- Opening Delimiter -

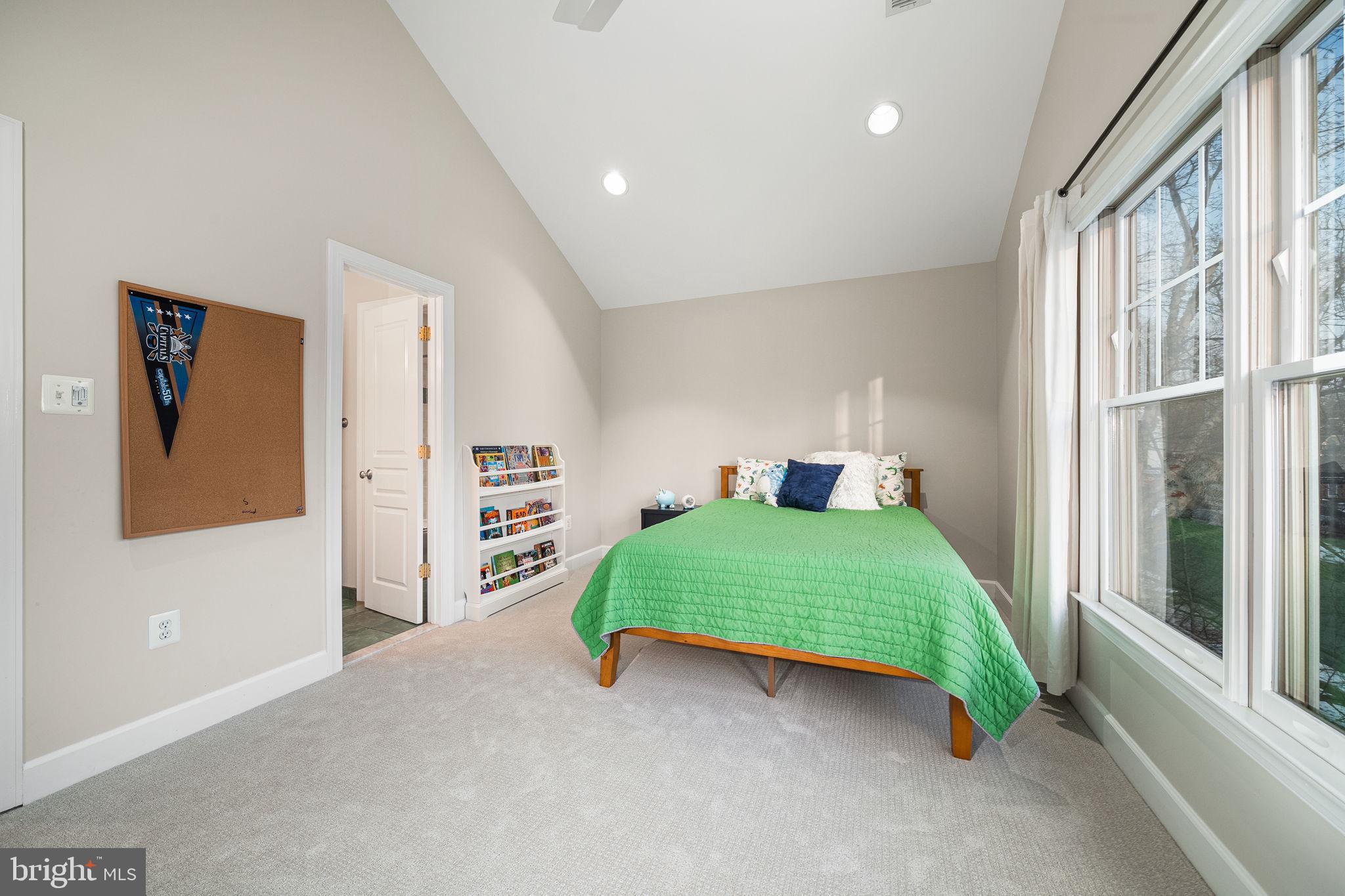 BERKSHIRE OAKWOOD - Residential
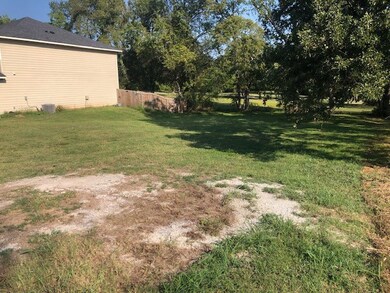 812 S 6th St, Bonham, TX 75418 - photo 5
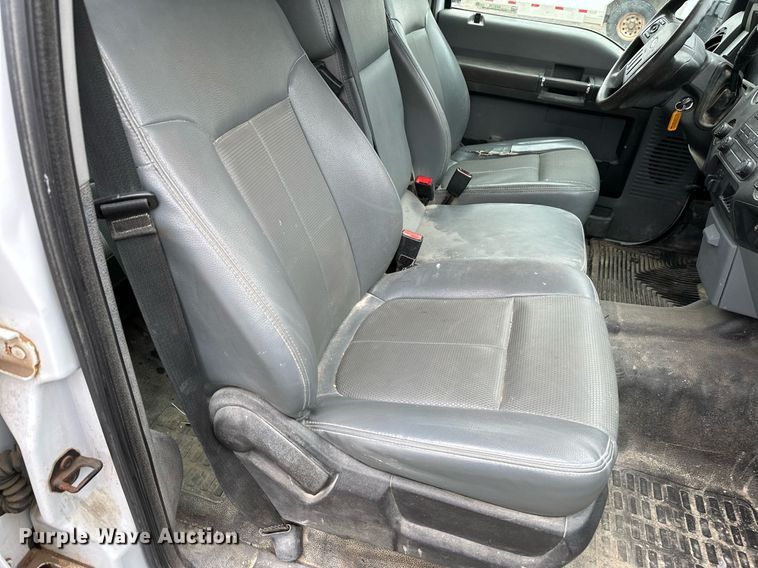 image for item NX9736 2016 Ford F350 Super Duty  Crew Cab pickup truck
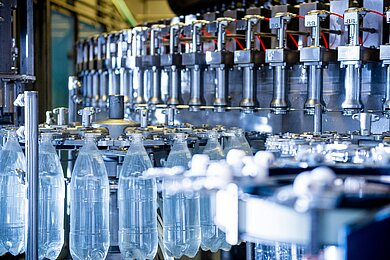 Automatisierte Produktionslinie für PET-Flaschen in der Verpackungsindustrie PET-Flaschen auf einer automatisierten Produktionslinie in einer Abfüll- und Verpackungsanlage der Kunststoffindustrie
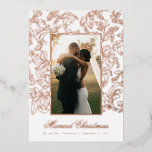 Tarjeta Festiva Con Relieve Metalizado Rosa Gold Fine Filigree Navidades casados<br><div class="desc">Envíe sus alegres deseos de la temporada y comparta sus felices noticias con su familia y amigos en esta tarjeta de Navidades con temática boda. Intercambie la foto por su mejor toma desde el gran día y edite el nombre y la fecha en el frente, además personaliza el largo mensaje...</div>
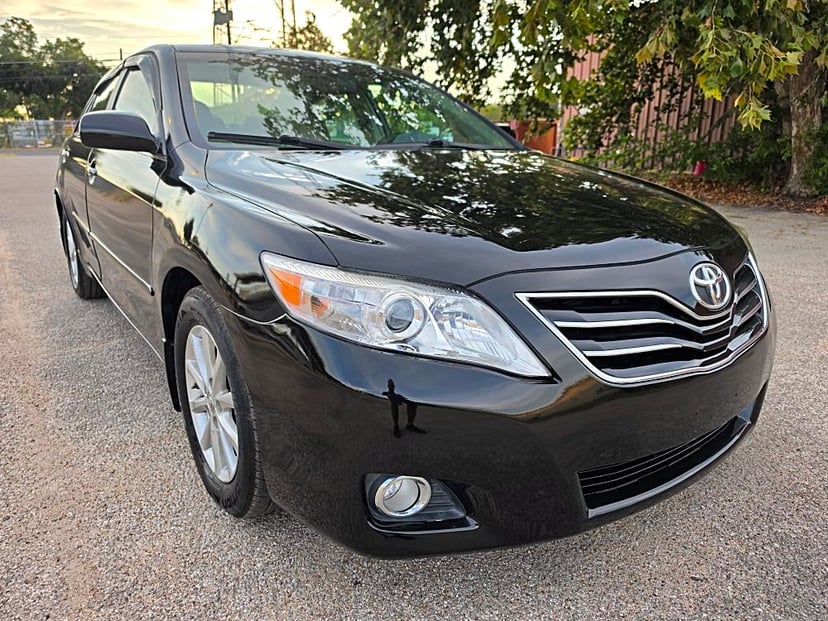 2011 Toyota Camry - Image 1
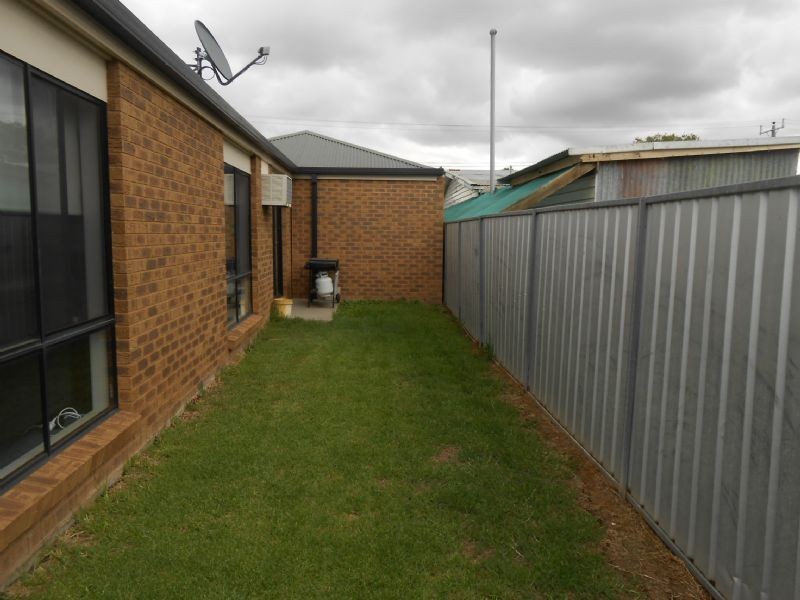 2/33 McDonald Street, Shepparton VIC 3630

- Closing Delimiter -

TASK DIRECTIONS:
Could the entries above be printed again exactly, apart from the pictures?

OUTPUT OF THE EXERCISE:
 BERKSHIRE OAKWOOD - Residential
 812 S 6th St, Bonham, TX 75418 - photo 5
 image for item NX9736 2016 Ford F350 Super Duty  Crew Cab pickup truck
 Automatisierte Produktionslinie für PET-Flaschen in der Verpackungsindustrie PET-Flaschen auf einer automatisierten Produktionslinie in einer Abfüll- und Verpackungsanlage der Kunststoffindustrie
 Tarjeta Festiva Con Relieve Metalizado Rosa Gold Fine Filigree Navidades casados<br><div class="desc">Envíe sus alegres deseos de la temporada y comparta sus felices noticias con su familia y amigos en esta tarjeta de Navidades con temática boda. Intercambie la foto por su mejor toma desde el gran día y edite el nombre y la fecha en el frente, además personaliza el largo mensaje...</div>
 2011 Toyota Camry - Image 1
 2/33 McDonald Street, Shepparton VIC 3630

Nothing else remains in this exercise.